En büyük okul hayat ve tecrübe. Yaşınız, tahsiliniz ve statünüz ne olursa olsun, yaşadıkça tecrübe ederek öğreneceğiniz şeyler oluyor. Bu herkes gibi benim için de geçerli. Yaşadıkça öğreniyorum. Öğrendikçe eksiklerimi, hatalarımı ve yanlışlarımı görüyorum. Tevazu sahibi olmanın önemini ve değerini kavrıyorum. Tanrısal bir yanılmazlığa sahipmiş, hayatı boyunca hiç hata yapmamış ve yapmazmış gibi davrananlara hayret ediyorum.
Türkiye’de liberal düşüncenin yakın dönem tarihi 1992’de doğan Liberal Düşünce Topluluğu ile başladı. LDT başını benim çektiğim dokuz kişilik bir grup tarafından Ankara’da kuruldu.
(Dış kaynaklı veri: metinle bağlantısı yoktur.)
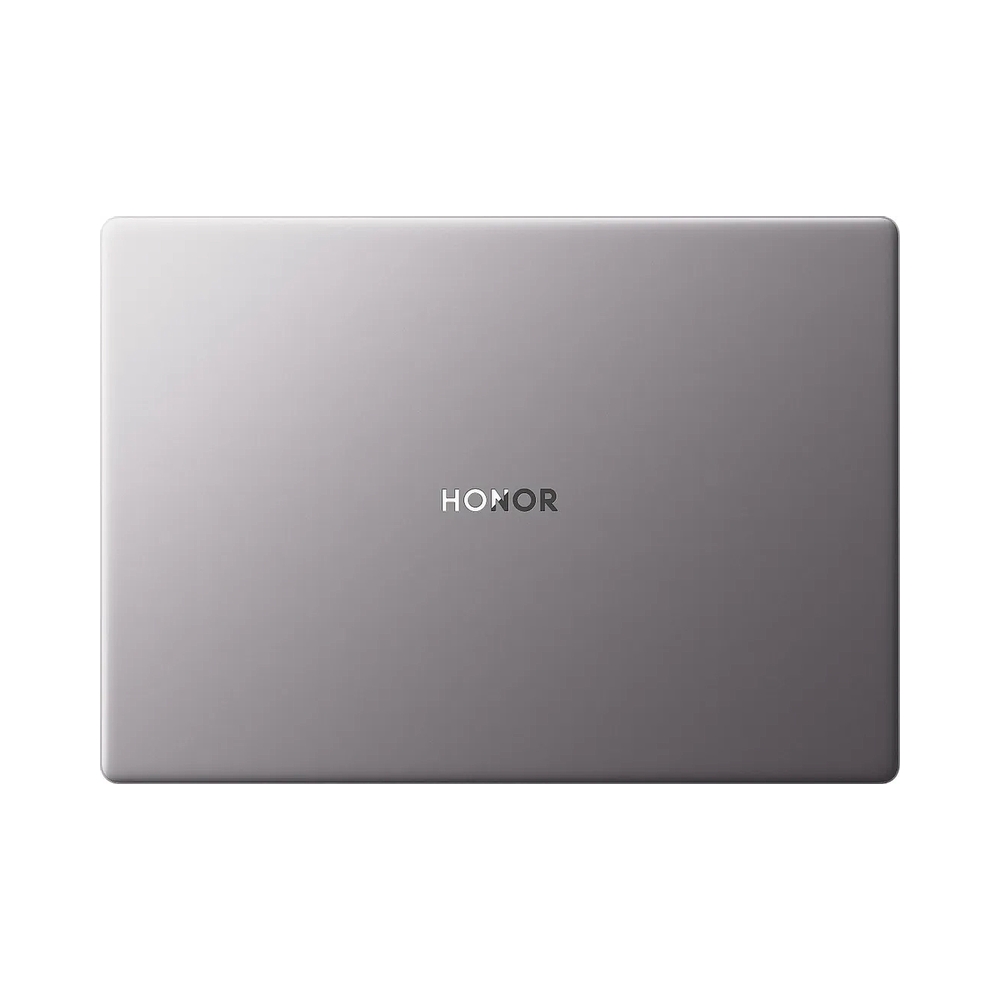 Ноутбук 16" HONOR MagicBook X16, серый — KSKSHOP.RU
Ben o sırada Hacettepe Üniversitesi İİBF Kamu Yönetimi Bölümü’nde doçent olarak görev yapmaktaydım. Yani akademik faaliyetlere daha az zaman ayırabilecek ve artan zamanı sivil toplum faaliyetlerine tahsis edebilecek durumdaydım. Nitekim sonraki 25 yıl boyuna hayatımda hep iki boyut oldu: Üniversite ve LDT.
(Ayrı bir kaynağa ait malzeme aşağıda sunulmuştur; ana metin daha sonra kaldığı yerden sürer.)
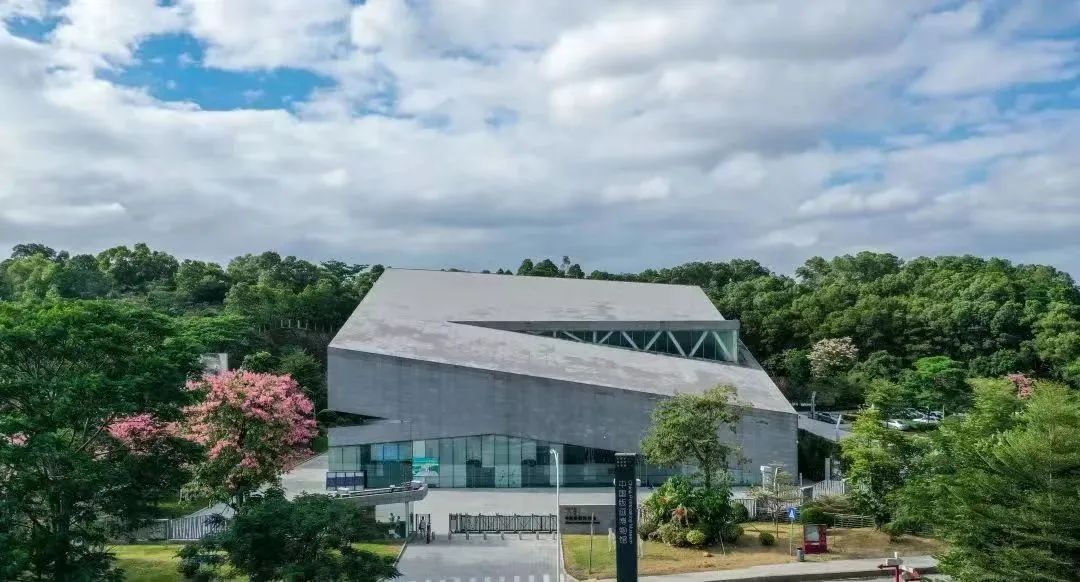 遇见深圳红|串联8个特色景点！这条线路看完个个想跟着打卡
LDT günlük siyasetle ilgilenmeyen klasik liberal ağırlıklı bir fikir odağı olmayı hedefledi ve bugüne kadar çizgisini korudu. Partizanlıktan uzak kaldı. Liberal ilkeleri savundu, öğretti ve yaydı. Kitaplar ve dergiler yayınladı. Paneller, sempozyumlar, yaz okulları, kongreler gerçekleştirdi. Her zaman yeni nesillere makul olmayı telkin ve tavsiye etti. Türkiye’de liberalizmin bir akım olarak var olmasına çok büyük katkı sağladı.
LDT kurulduğunda hemen hepimiz genç ve tecrübesizdik. Liberalizmi daha ziyade Batı kaynaklarından öğrenmekteydik. Bizden önce yaşamış Türkiyeli liberal fikir adamlarından ve kuruluşlardan, ne düşünce ne de tavır mirası devraldık. Bazen kafamızı gözümüzü yarma pahasına, hemen her şeyi tecrübe ederek öğrendik.
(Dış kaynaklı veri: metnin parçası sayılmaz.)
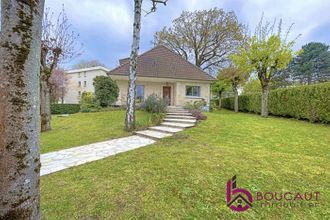 achat maison le-plessis-robinson 92350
Liberaller olarak, değerlerin evrensel olduğuna kaniydik. Bu yüzden dünyanın neresinde olurlarsa olsunlar bizimle aynı değerleri paylaşan kişi ve kuruluşlarla iletişim ve işbirliği içinde olmakta bir mahzur görmedik. Bu bizi tüm dünyayı kapsayan geniş bir işbirliği ağı kurma çabasına yöneltti.
Bu ağda yer alan kuruluşlardan biri Alman F. Naumann Vakfı (FNV) idi. Vakıf, bildiğim kadarıyla, 1991’de Türkiye’de faaliyetlerine başladı. Vakıf temsilcisi müteveffa Dr. Wilhelm Hummen ile Almanya’da doktora yapmış olan Hüseyin Bağcı aracılığıyla, yanlış hatırlamıyorsam 1993 yılının ilkbaharında tanıştık. Vakıf liberal olduğunu söylemekteydi. Biz de liberaldik. Bu durumda, işbirliği yapabileceğimiz fikri karşılıklı olarak doğdu.
Bununla beraber Almanya’nın tarihi ve emperyal bir devlet olması bizi ihtiyatlı olmaya itmekteydi. Dr. Hummen ile yaklaşık bir yıl, işbirliği yapıp yapamayacağımız, yapacaksak nasıl yapabileceğimiz konusunda görüştük, müzakere ettik. Sonunda birbirimizi anladık ve olduğu gibi kabul ettik. Vakfın Türkiye’de partnere ihtiyacı vardı. Bizim de uluslararası partnerlere.
Vakıf ile prensipte anlaştık. Şartlarımız açık ve netti. İlişki eşitliğe dayanacaktı. Vakıf patron havasına girmeyecekti. Çalışmaların, toplantıların gündemini LDT belirleyecekti. Kürt sorunu ve Balkanlar gibi Alman-Türk menfaatlerinin çeliştiği konular ve yerler hakkında Vakıf ile ortak toplantı yapmayacaktık. Daha ziyade eğitim faaliyetlerine, insan haklarına ve sivil toplum meselelerine odaklanacaktık.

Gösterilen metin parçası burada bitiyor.